SOURCE INFORMATION section start
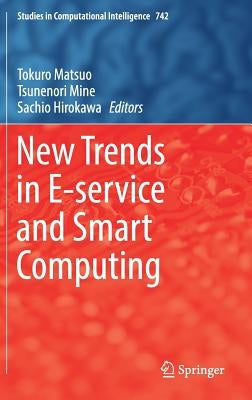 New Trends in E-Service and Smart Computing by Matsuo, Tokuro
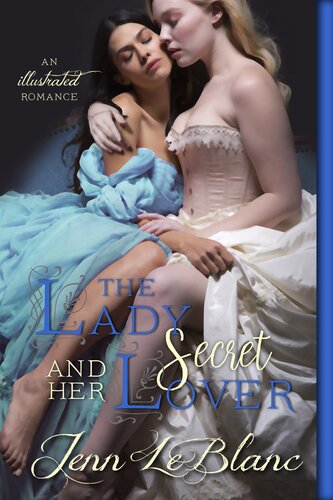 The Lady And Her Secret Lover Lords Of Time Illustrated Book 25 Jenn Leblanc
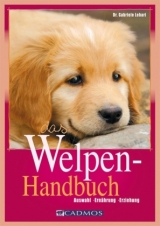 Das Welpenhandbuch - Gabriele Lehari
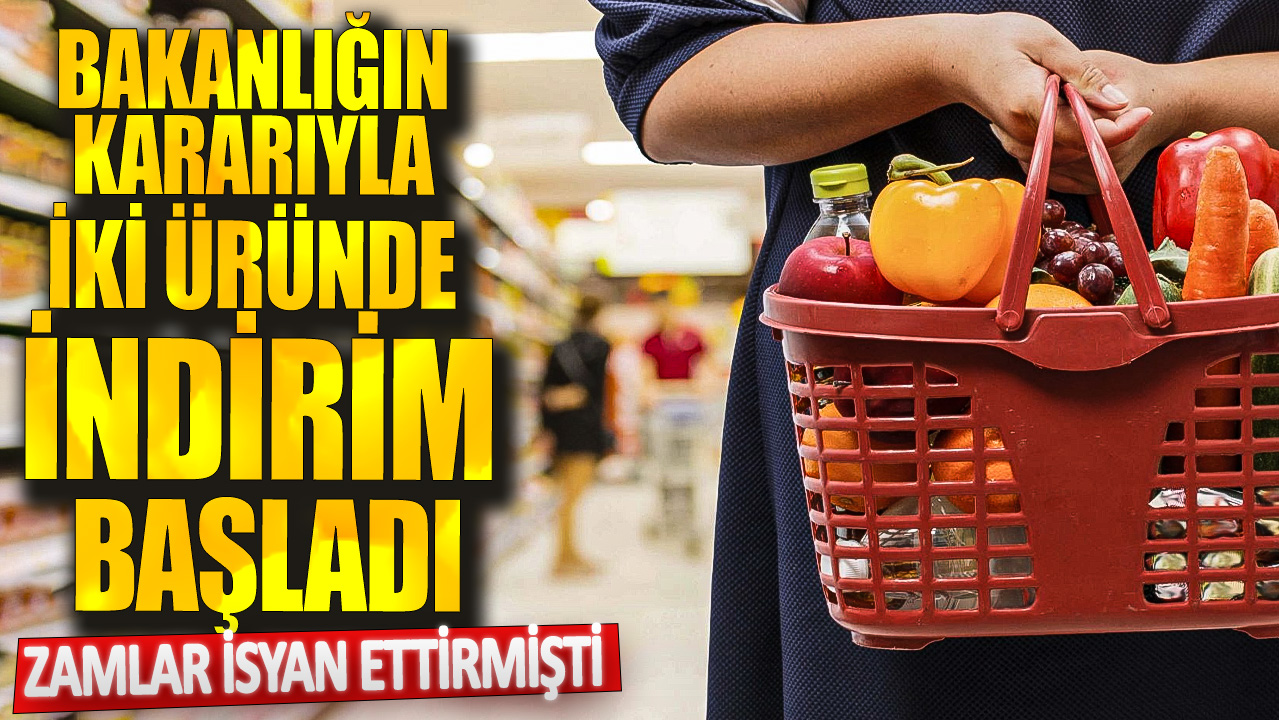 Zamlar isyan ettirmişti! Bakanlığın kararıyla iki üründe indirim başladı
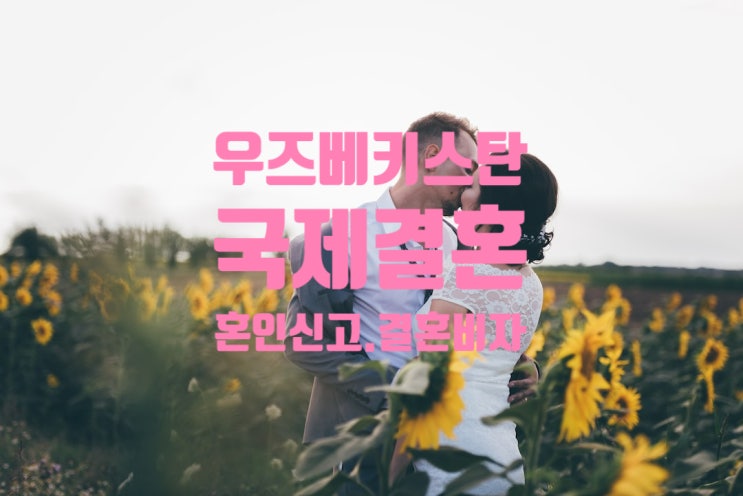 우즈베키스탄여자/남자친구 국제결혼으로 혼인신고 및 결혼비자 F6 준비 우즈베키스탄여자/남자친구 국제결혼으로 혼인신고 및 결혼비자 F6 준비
SOURCE INFORMATION section end
SOURCE INFORMATION section start
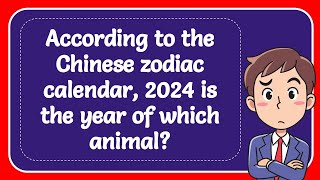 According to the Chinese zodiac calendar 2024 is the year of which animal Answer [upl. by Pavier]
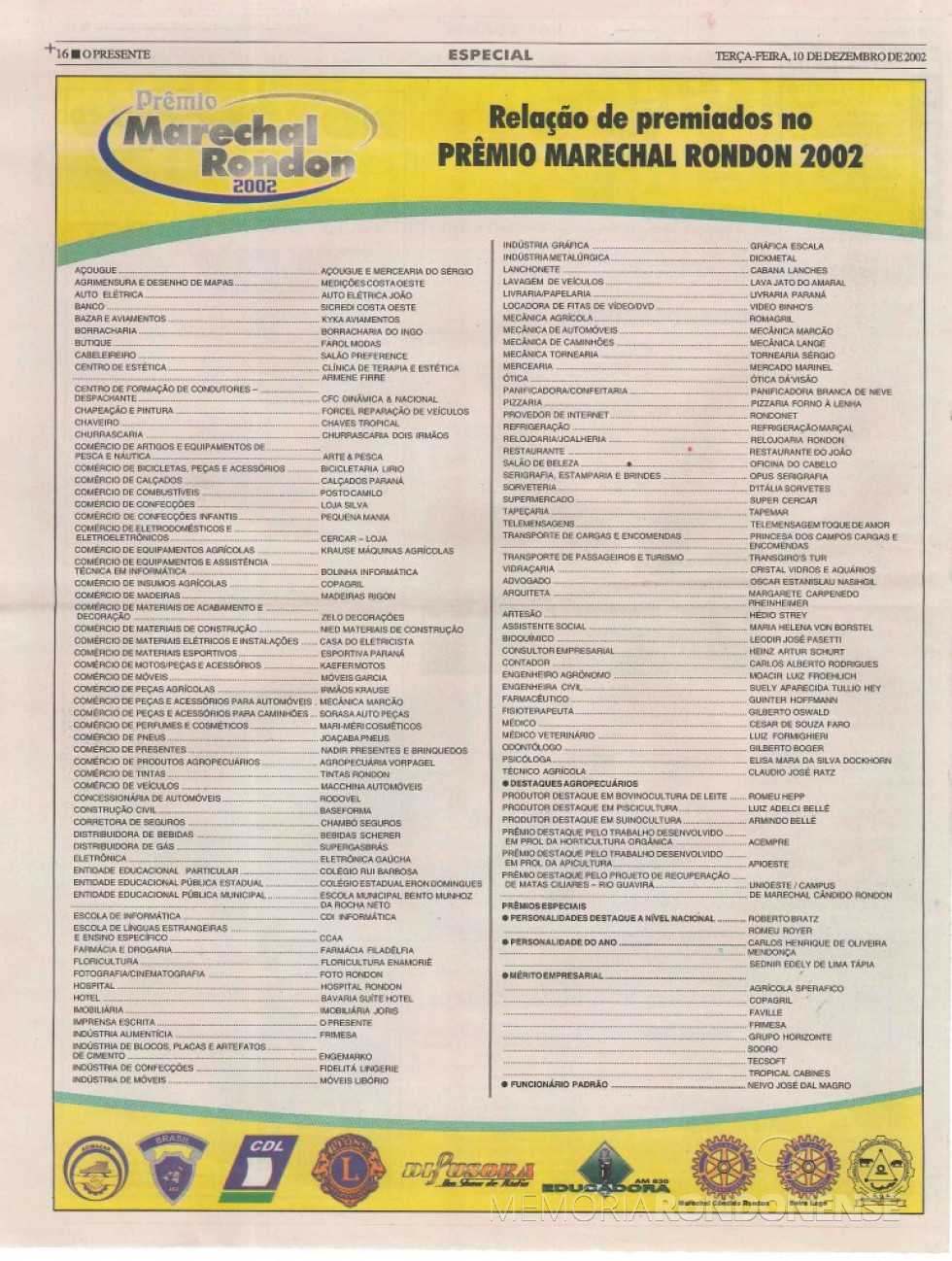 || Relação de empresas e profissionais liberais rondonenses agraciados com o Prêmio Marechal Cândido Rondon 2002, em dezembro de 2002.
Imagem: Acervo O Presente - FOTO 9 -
SOURCE INFORMATION section end
SOURCE INFORMATION section start
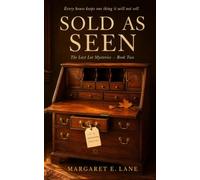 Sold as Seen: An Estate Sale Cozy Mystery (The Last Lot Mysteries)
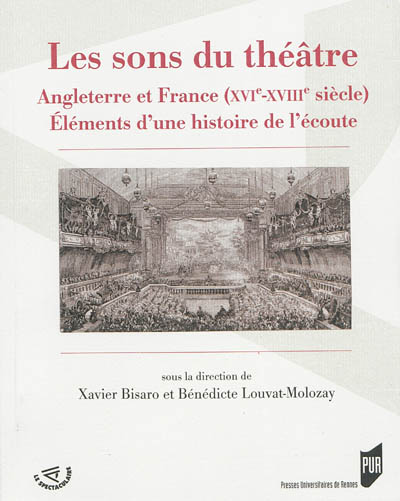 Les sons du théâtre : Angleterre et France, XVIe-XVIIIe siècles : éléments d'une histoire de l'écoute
SOURCE INFORMATION section end
(ACTIVITY) Your answer should be the lines above, word for word, from the line with "The Lady And" through the line with "우즈베키스탄여자/남자친구 국제결혼으로 혼인신고 및 결혼비자 F6 준비 우즈베키스탄여자/남자친구", minus the pictures.

(SOLUTION TO THIS TASK)
 The Lady And Her Secret Lover Lords Of Time Illustrated Book 25 Jenn Leblanc
 Das Welpenhandbuch - Gabriele Lehari
 Zamlar isyan ettirmişti! Bakanlığın kararıyla iki üründe indirim başladı
 우즈베키스탄여자/남자친구 국제결혼으로 혼인신고 및 결혼비자 F6 준비 우즈베키스탄여자/남자친구 국제결혼으로 혼인신고 및 결혼비자 F6 준비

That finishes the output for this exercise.